Neither President Obama's name-calling nor Mitt Romney's pleas for fiscal discipline will turn the tide. In one of Mr. Romney's latest ads, his runningmate, Paul Ryan, declares: "We can't keep spending and borrowing like this. We can't just keep spending money we don't have." And why not, may I ask? We've gotten away with it so far.
It's true that the economy is an important issue, and the president is doing his best to divert attention from the dismal numbers and toward Mitt Romney's personal and business failings. He's pounding away with some pretty nasty stuff to show that Mr. Romney is out of touch with a vast swath of the American people.
And up until the first debate, the challenger let him get away with this line of attack. But then he suddenly discovered what he could bring to the presidency that Barack Obama has only talked about: cooperation, the one thing the American people want above all others.
In talking about how he got his health-care plan for Massachusetts through the state legislature, Mr. Romney said: "First of all, I like the way we did it in my state. I like the fact that we had Republicans and Democrats come together and work together. What you [President Obama] did instead was to push through a plan without a single Republican vote. ...So entirely on a partisan basis, instead of bringing America together and having discussed an important topic, you pushed through something that you and Nancy Pelosi and Harry Reid thought was the best answer.
"What we did, in a legislature 87% Democrats, we worked together. Two hundred legislators in my legislature -- only two voted against the plan by the time we were finished."
So the strategy Mr. Romney should employ in the homestretch, under the banner "Let's work together," is to stress how he was able to work with both sides of the aisle in Massachusetts for the greater good and how he'll do the same thing as president.
And what would be even more effective would be to feature a Democratic testimonial in his ads to show how he brought both sides together. That's the tack Sen. Scott Brown has been effectively employing against his opponent Elizabeth Warren in Mr. Romney's home state.

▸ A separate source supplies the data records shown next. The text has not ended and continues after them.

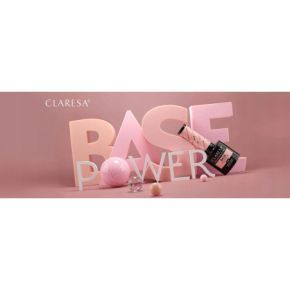 Claresa Power Base 02 jasna różowa baza do lakierów hybrydowych 5ml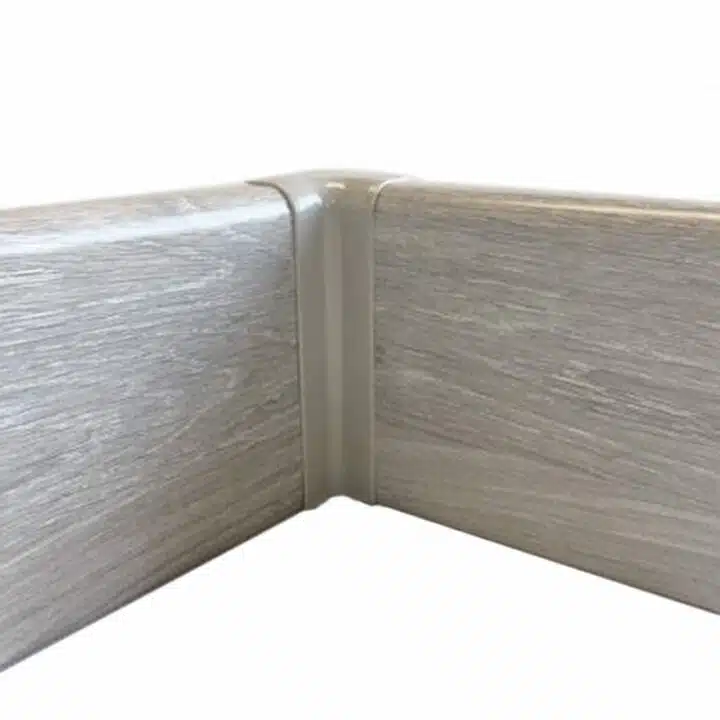 Modular PVC Skirting - 100mm x 2400mm - Greywash - Image 4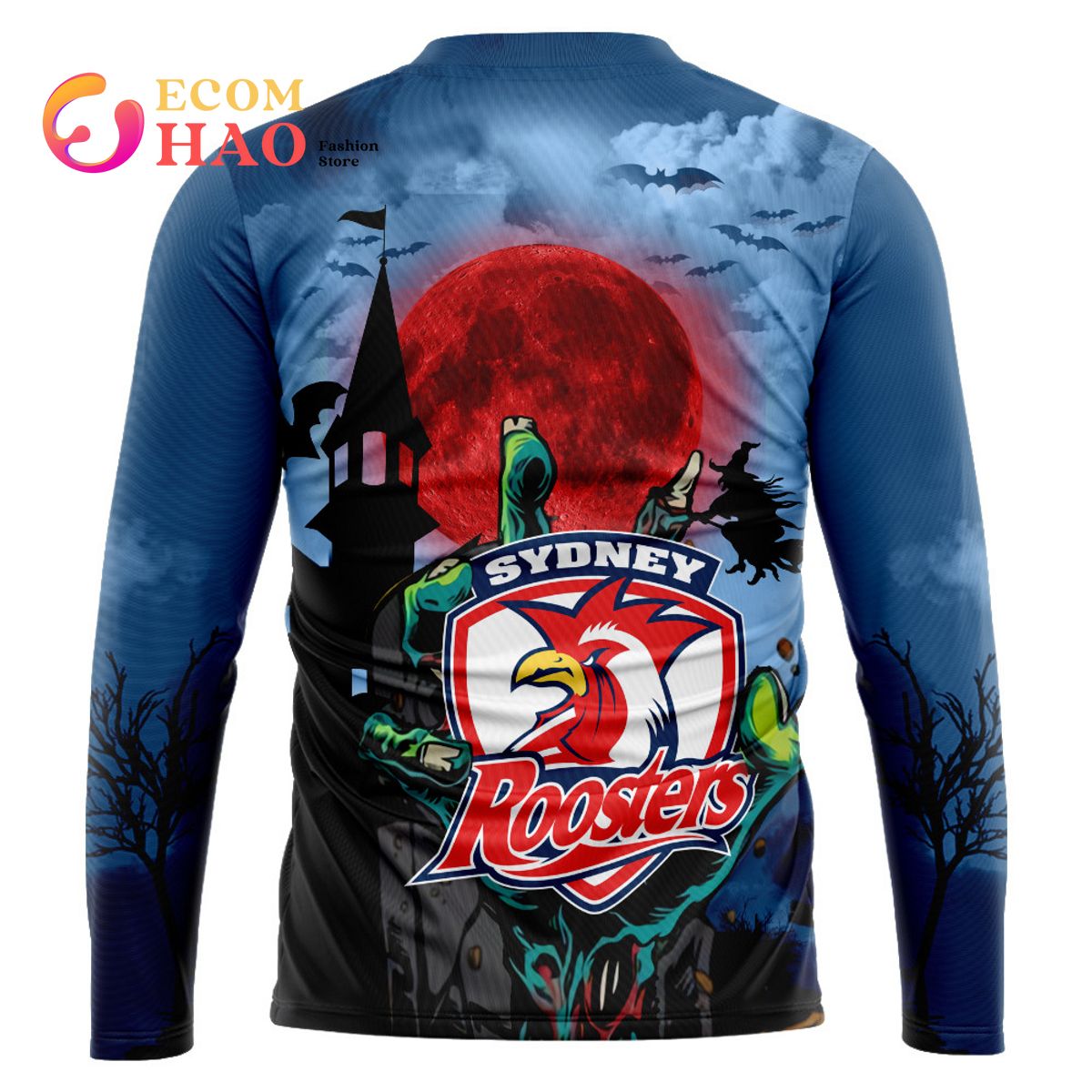 Sydney Roosters Halloween Is Coming 3D Hoodie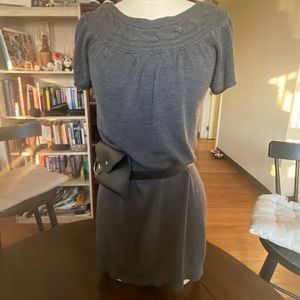 Gray Sweater Dress/ Tunic bag Belt included Junior Size Large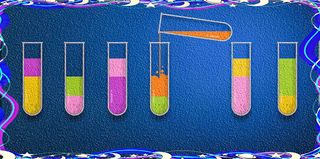 لعبة المياة الملونة - Screenshot 1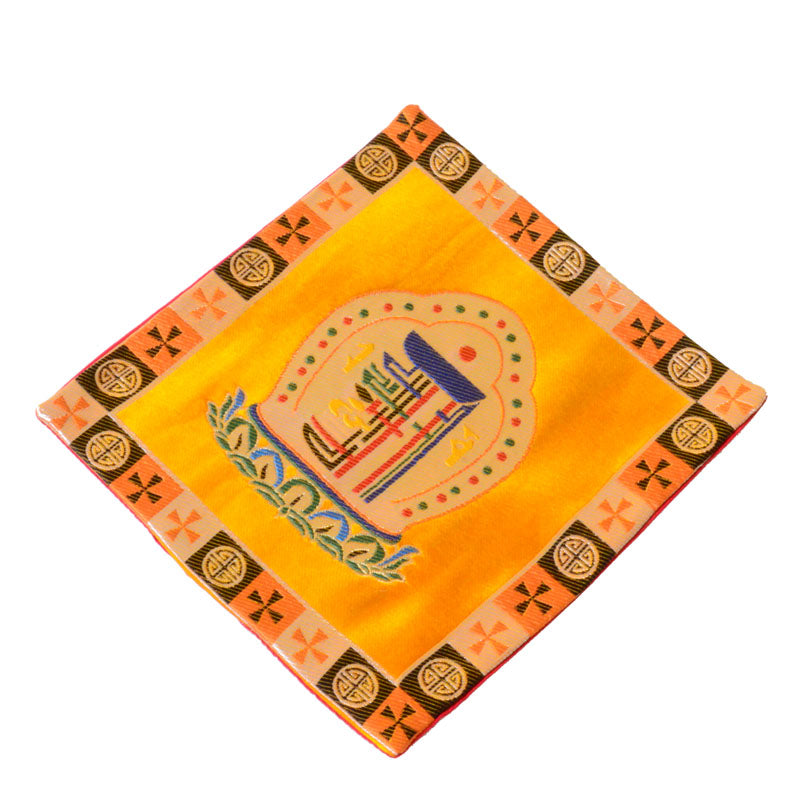 Prayer Altar Mat Man-Bcu Kalachakra Healing Meditation Jacquard Mat - image 11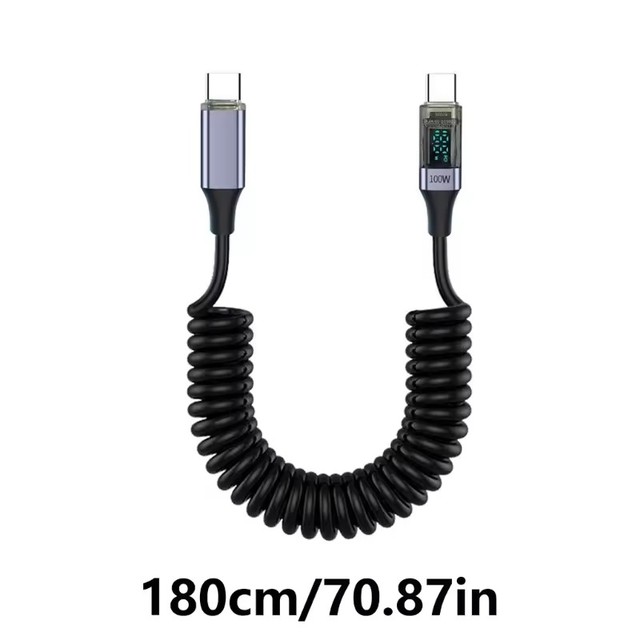 USB C PD100W Charging Cable with Intelligent Power High Speed Data Sync Multiple Device Compatible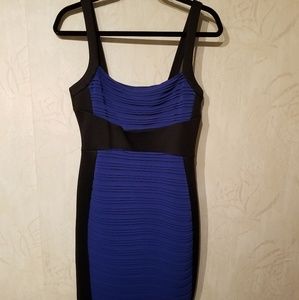 Blk and blue cocktail dress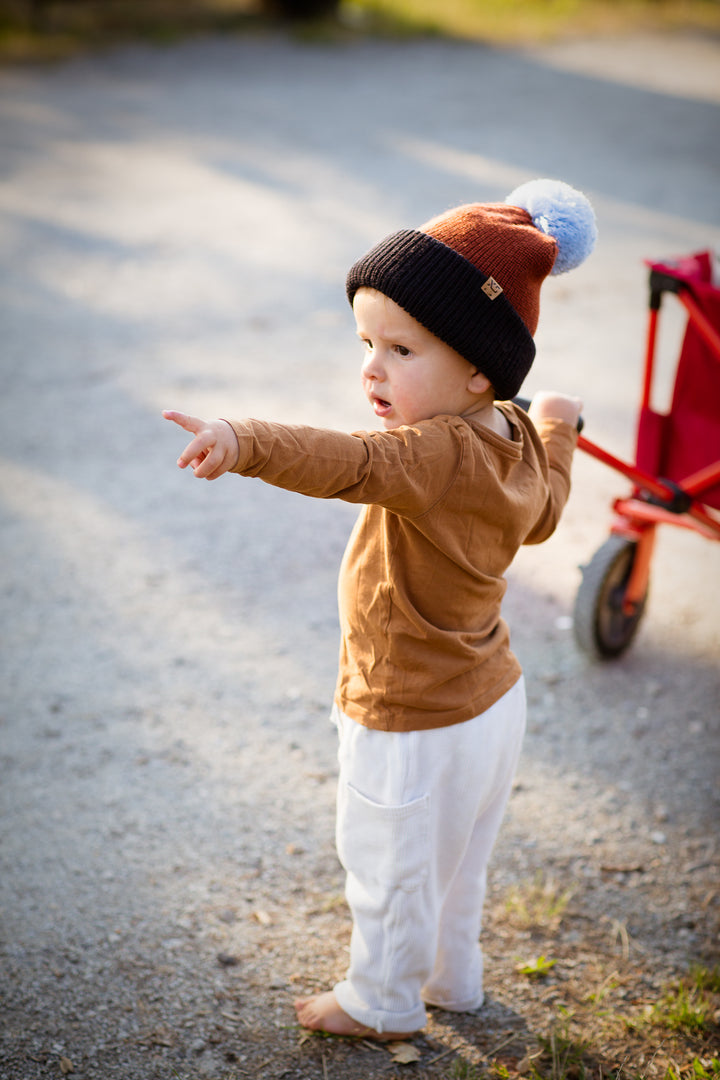 KIDS POM POM BEANIE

In one commercial in a series of such testimonials, a former Democratic district attorney from Bristol County says: "We need a person like Scott Brown that 's going to say, "I don't care whose idea it is . I don't care if it's left or right, Democrat or Republican. This is a good idea; it's going to help people that are suffering.'"
John Cassidy, a columnist for The New Yorker, wrote a piece for the Financial Times the other day in which he poked a little fun at Mr. Romney's metamorphosis. Depicting himself as a Romney operative, he said "the dynamics of the marketplace have shifted in our favor just as we hoped they would. Ah, the power of marketing. Let nobody say you can't sell politicians like soap powder."
The last person who actually believed there was no connection between selling soap and selling politicians was Adlai Stevenson. And we know how well his campaigns turned out.